**Required action**
Excluding pictures, reproduce word for word the lines from the one containing "Gingerbread Min Head- 3D Printed Earrings" through the end of the material below.
Segment Start: Dataset content
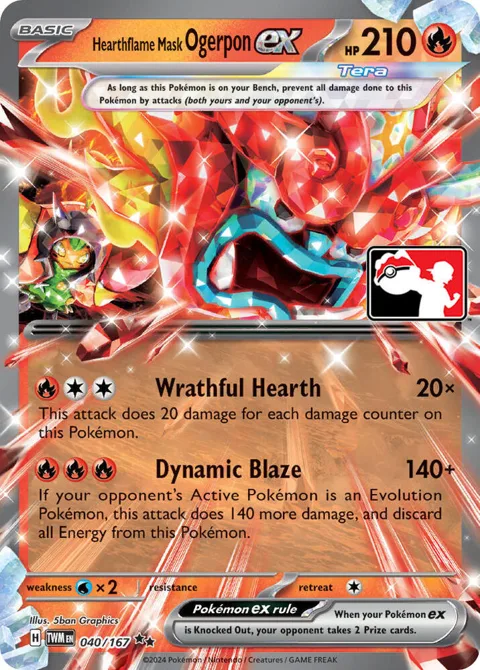 Hearthflame Mask Ogerpon ex #040/167 Holofoil Pokémon card from Prize Pack Series Cards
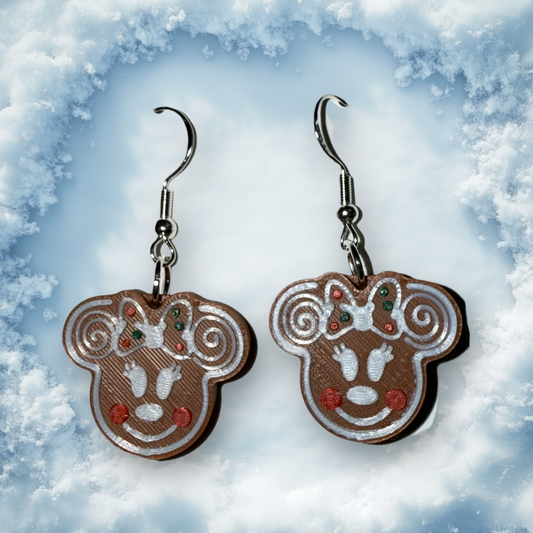 Gingerbread Min Head- 3D Printed Earrings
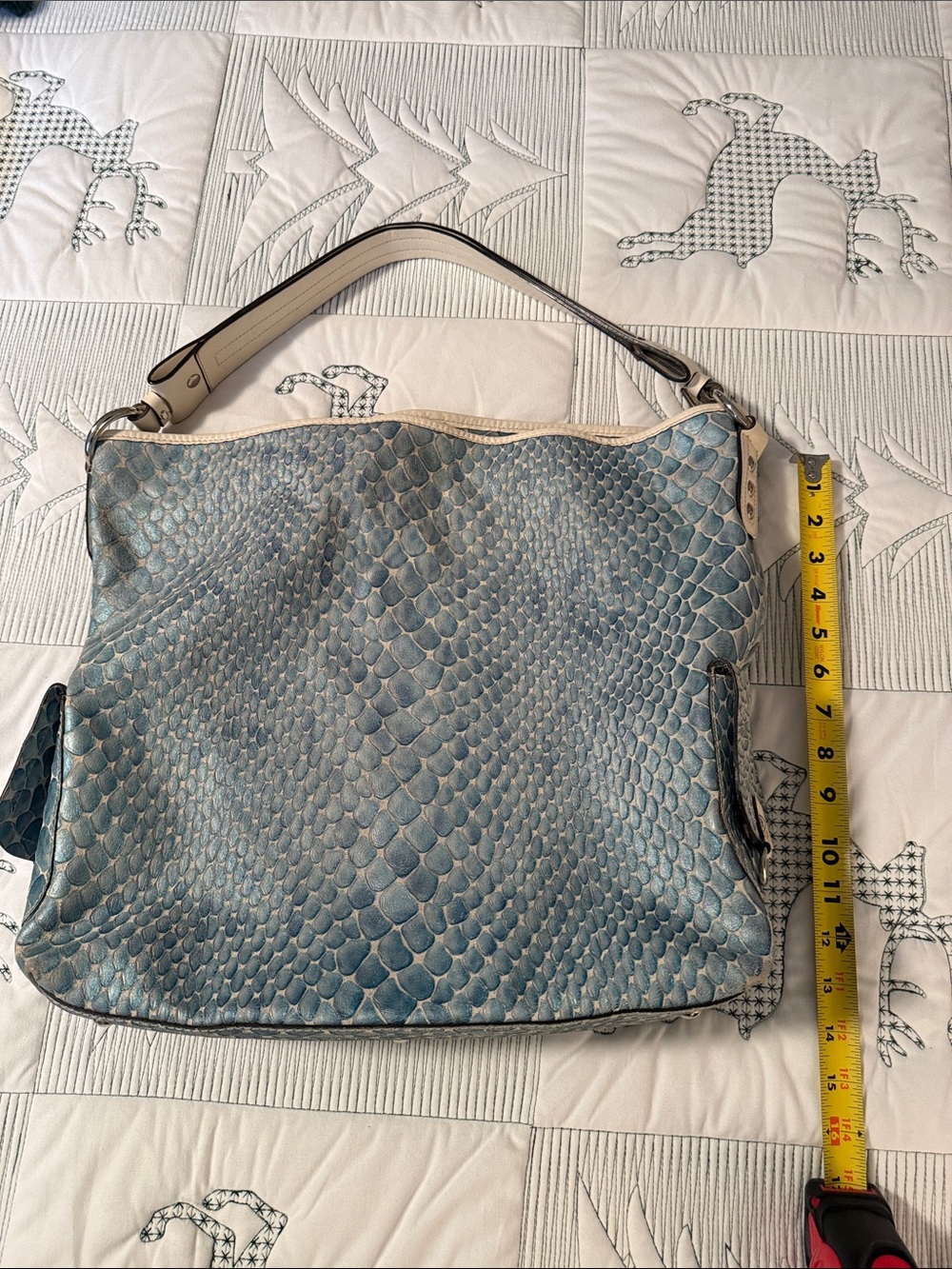Cavalcanti Leather Blue Python-Embossed Shoulder Bag - Picture 4 of 7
Segment End: Dataset content
**Response to the task**
 Gingerbread Min Head- 3D Printed Earrings
Cavalcanti Leather Blue Python-Embossed Shoulder Bag - Picture 4 of 7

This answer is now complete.